ZedGi gives every account a per-account X25519 keypair. The public key encrypts your database credentials client-side; the wrapped private key lives server-side (AES-256-GCM wrapped with the Master KEK) and is only ever used transiently on the gateway. Rotating the keypair invalidates old credential blobs without touching your API keys.

When to rotate

  • A machine that held an encrypted x-zedgi-cred blob may have been compromised.
  • Routine hygiene (e.g. quarterly).
  • After offboarding someone who had access to your deployment config.

API keys (zk_* identifier + signing secret) are not affected by key rotation.
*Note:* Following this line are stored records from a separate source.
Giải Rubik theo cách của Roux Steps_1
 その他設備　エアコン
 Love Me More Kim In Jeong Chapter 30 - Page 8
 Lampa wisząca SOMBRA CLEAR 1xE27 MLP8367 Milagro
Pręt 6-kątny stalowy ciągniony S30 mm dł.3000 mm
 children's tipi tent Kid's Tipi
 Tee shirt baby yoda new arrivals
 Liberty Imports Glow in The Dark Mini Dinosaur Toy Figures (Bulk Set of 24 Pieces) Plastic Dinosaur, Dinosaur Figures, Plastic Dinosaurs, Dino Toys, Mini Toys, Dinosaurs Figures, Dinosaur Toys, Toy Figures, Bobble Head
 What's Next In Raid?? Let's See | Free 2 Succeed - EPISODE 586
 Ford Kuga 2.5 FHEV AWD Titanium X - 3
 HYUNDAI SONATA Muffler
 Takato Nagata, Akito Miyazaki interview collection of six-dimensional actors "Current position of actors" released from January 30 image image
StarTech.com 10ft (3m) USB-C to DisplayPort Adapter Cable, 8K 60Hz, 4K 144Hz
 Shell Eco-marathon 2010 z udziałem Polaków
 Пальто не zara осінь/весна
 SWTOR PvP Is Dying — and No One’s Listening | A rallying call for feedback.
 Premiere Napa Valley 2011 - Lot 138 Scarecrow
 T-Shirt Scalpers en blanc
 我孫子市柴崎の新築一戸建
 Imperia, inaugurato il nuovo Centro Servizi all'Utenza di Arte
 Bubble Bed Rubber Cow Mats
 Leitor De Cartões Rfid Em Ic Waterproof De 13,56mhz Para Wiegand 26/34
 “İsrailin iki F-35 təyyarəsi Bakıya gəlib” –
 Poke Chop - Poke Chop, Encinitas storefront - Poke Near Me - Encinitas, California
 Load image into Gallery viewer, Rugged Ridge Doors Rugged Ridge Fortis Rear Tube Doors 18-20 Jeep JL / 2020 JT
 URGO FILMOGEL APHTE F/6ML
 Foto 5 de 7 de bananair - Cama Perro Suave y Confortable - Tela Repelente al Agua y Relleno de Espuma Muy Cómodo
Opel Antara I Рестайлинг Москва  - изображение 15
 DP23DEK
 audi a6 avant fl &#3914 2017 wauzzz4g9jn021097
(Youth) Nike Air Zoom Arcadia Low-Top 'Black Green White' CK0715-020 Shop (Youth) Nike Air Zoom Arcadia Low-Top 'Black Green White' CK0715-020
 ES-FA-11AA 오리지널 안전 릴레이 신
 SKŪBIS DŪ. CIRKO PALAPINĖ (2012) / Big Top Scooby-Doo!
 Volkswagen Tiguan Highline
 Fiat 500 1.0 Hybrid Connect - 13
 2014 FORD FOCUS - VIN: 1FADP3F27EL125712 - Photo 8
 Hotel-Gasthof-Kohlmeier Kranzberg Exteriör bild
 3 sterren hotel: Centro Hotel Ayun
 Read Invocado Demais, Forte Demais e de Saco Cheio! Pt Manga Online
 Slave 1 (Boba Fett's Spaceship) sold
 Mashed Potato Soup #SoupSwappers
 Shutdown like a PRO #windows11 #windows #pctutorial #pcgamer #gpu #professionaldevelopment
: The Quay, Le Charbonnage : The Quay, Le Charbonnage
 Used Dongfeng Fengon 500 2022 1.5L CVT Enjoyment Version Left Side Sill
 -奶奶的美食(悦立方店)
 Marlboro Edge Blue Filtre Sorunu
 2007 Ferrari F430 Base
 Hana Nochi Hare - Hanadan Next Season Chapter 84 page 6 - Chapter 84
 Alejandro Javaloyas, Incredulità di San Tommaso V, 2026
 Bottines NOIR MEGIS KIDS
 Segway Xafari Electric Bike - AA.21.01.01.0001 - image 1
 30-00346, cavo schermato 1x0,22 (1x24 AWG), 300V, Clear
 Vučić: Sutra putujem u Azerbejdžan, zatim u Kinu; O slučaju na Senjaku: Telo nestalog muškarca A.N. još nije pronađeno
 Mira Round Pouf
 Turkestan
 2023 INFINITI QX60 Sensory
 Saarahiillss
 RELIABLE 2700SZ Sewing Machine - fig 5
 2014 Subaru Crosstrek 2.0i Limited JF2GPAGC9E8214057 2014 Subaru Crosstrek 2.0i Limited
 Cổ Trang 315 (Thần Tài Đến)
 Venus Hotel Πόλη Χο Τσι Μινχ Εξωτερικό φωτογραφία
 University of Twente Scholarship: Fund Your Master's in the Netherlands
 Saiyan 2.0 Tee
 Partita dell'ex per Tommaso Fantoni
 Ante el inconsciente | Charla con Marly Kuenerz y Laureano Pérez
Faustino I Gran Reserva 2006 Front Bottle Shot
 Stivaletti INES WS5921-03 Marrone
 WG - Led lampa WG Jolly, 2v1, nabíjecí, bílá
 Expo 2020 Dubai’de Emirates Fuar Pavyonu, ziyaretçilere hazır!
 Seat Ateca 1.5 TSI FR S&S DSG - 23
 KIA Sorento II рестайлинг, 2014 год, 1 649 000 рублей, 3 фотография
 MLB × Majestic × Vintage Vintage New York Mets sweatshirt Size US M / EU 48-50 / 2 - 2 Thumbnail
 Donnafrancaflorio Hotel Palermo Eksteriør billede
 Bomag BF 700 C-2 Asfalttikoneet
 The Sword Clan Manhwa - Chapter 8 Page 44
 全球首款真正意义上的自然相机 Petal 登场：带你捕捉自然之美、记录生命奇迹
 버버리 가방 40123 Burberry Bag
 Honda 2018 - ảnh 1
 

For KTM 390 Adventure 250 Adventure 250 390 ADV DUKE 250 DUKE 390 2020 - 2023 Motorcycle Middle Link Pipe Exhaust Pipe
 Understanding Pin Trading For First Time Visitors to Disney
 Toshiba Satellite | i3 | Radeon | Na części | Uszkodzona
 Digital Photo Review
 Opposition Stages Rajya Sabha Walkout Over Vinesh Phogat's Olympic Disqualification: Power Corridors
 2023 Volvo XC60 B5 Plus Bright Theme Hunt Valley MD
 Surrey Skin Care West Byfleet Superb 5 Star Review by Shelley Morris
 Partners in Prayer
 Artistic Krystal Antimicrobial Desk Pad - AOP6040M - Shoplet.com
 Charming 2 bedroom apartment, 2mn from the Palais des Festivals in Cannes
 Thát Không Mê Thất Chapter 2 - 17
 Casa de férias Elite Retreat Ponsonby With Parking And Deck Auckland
Those are rotated separately from the dashboard.

Rotate

Dashboard → Encryption KeysRotate, or:

http
POST /api/account/keys/rotate
Cookie: <dashboard session>

What happens:

  1. A new active keypair (key_version + 1) is generated; the previous key is marked retired.
  2. A security email is sent to the account owner.
  3. New x-zedgi-cred blobs must be encrypted with the new public key.

Update your clients

  1. Fetch the new public key — automatic if your SDK uses auto-pull (omit publicKey), or:
    http
    GET /api/account/keys/current
    x-zedgi-key: zk_live_...
    Response now includes id (the account id used as the blob header), key_version, and public_key.
  2. If you pin keys manually, update publicKey, accountId, and keyVersion in your client config (or just re-create the client).
  3. Deploy.

Auto-pull SDKs

When the SDK is configured without a pinned publicKey, it caches the current key on first use. On a 412 response (a blob encrypted with a retired key), the SDK drops its cache, re-pulls the current key, and the next call re-encrypts automatically — so a redeploy is usually enough.

Grace window

Retired key versions keep working for a short grace window so in-flight deployments don't break, then are rejected. Plan to redeploy clients promptly after rotating.